Nigeria’s wealthiest state passed a law enabling it to collect value-added tax (VAT), further challenging the central government’s control of a key source of revenue.
Lagos state’s House of Assembly approved the legislation on Thursday, Information Commissioner Gbenga Omotoso said by phone on Friday. The bill still requires Governor Babajide Sanwo-Olu’s signature, he said.
Residents and businesses in Lagos, Nigeria’s commercial hub, are by far the biggest contributors of VAT in Africa’s most populous country. The Federal Inland Revenue Service currently administers the tax, and then distributes 85% of the funds to state and local governments. While Lagos receives more VAT than the other states, it gets back less than it provides to the federal government.
The push by Lagos’s government for control over VAT follows a federal court decision in August that allowed the southern oil-producing Rivers state to take charge of its own tax matters. While FIRS this week failed to delay the execution of that order, it has appealed the ruling and asked taxpayers in Rivers to continue paying VAT to the agency.

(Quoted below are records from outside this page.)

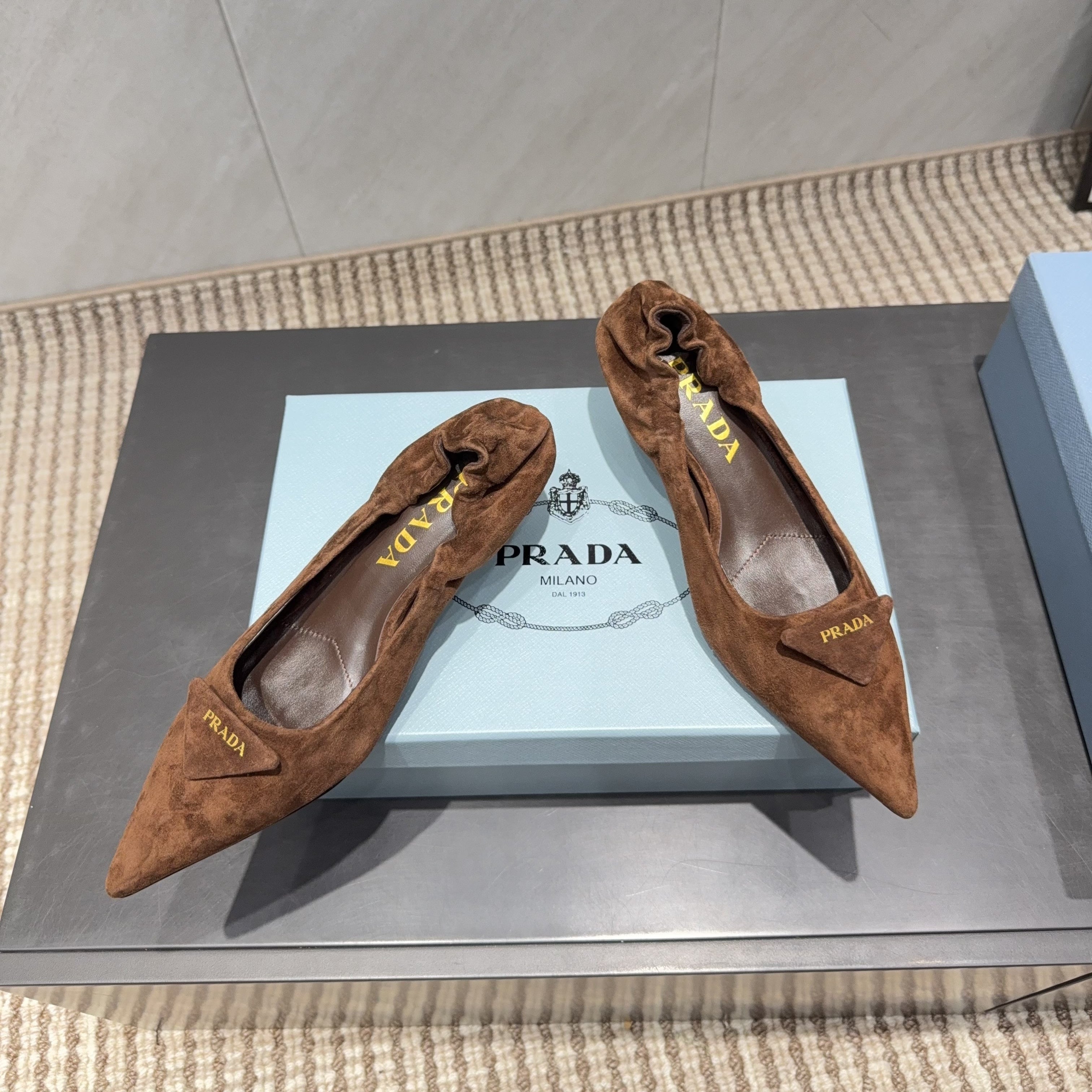 PRADA 26S PUMPS 55MM IN BROWN SUEDE WITH LOGO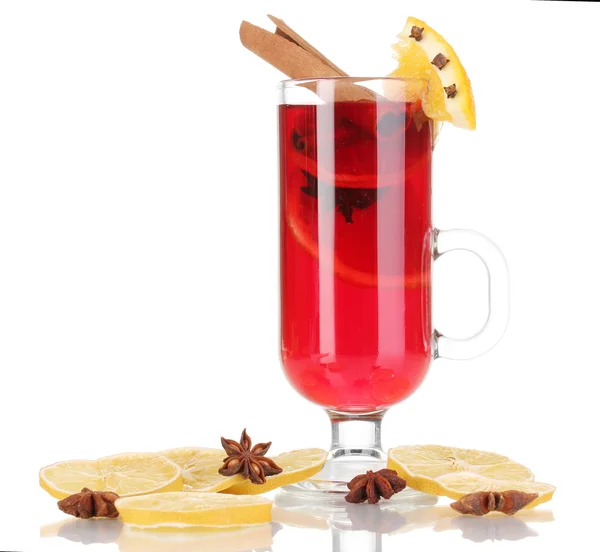 Fragrant mulled wine in glass with spices and oranges around isolated on white — Stock Photo, Image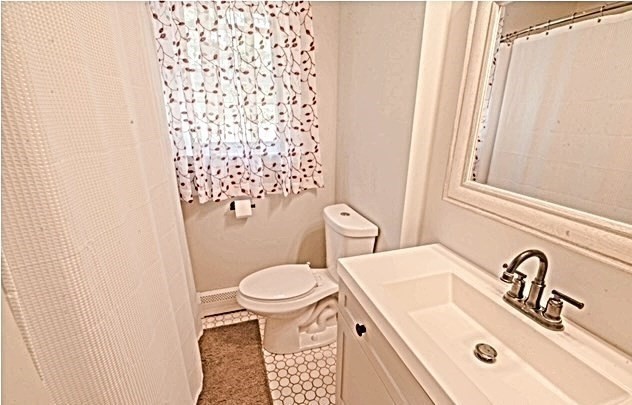 492 Cotuit Road Mashpee, MA 02649 - Photo 9 of 13 a bathroom with a sink toilet and shower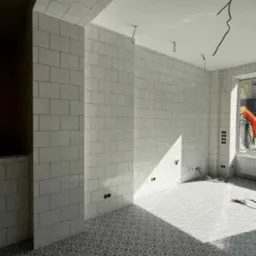 Wykończona łazienka z białymi płytkami na ścianach i wzorzystą podłogą. Widoczne gniazdka elektryczne i instalacje pod oświetlenie.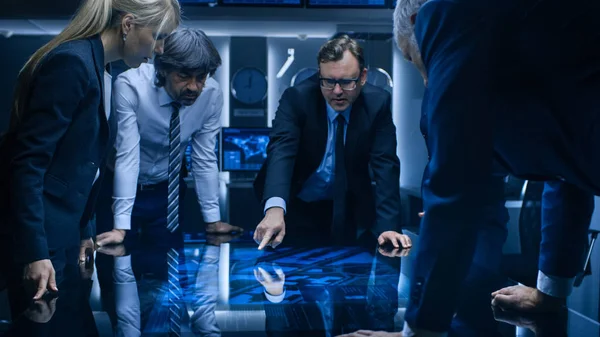 Equipe Diversa de Agentes de Inteligência do Governo em pé em torno da mesa de tela táctil digital e rastreando suspeitos. Grande sala de vigilância escura cheia de telas de computador. — Fotografia de Stock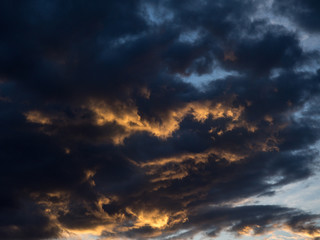 Fototapeta na wymiar Blau schwarze Wolken mit orangenen Rändern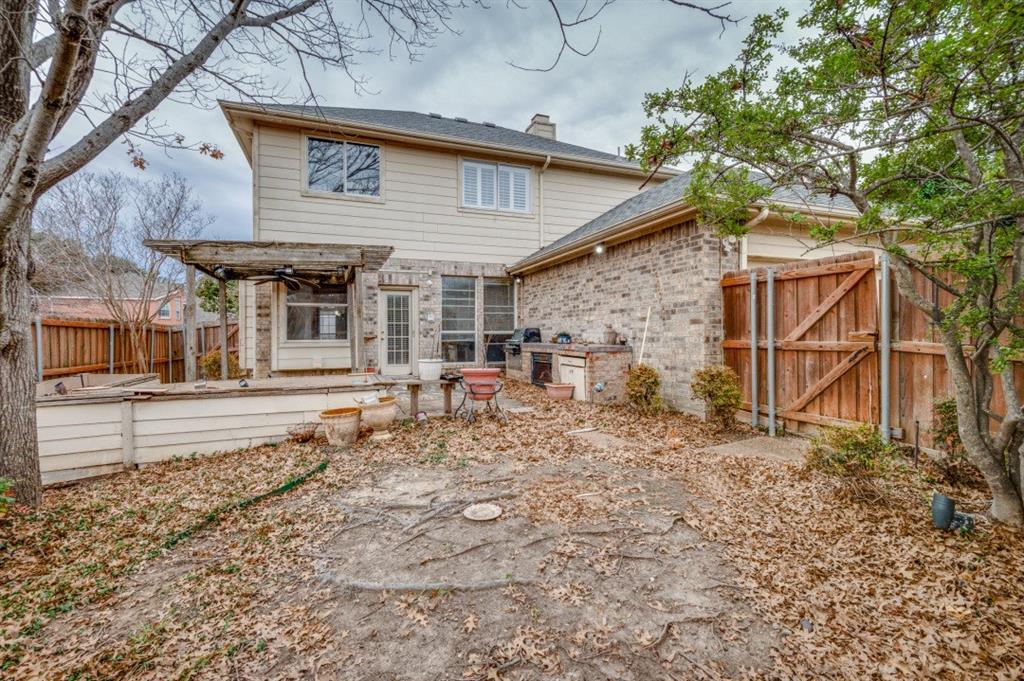 413 Majesty Drive Allen, TX 75013 - Photo 12 of 12 a view of a house with a large tree and wooden fence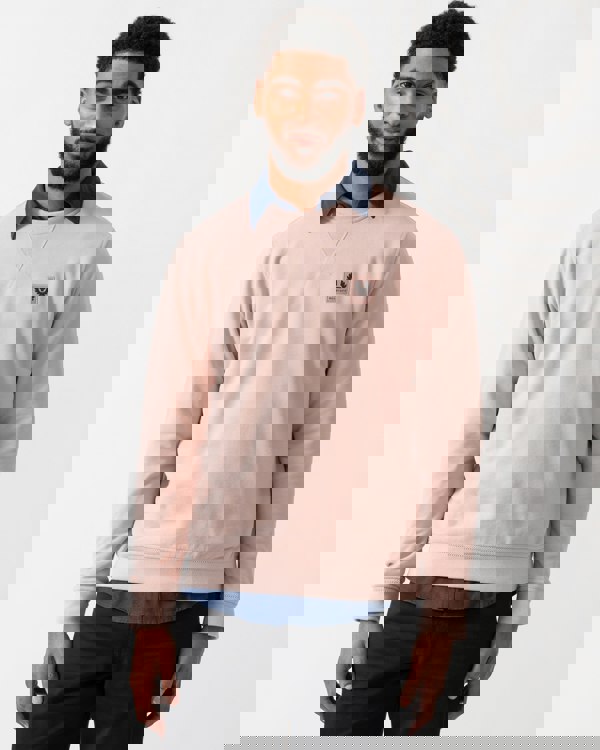 model wearing a Belstaff Mens Crew Neck Sweatshirt With Logo Patch in Dusk Pink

VAT accounted for 1.53 trillion naira (~R52 billion) of the federal government’s 4.95 trillion naira tax take last year, data from the National Bureau of Statistics show. The kind of VAT that the court ruling allows Lagos, Rivers and the nation’s other 34 states to manage would account for almost half that amount.
The "biggest losers" of any permanent change will be the 30 states that cumulatively generate less than 20% of Nigeria’s VAT and "will suffer significant revenue decline", accounting firm PwC said in a note last month.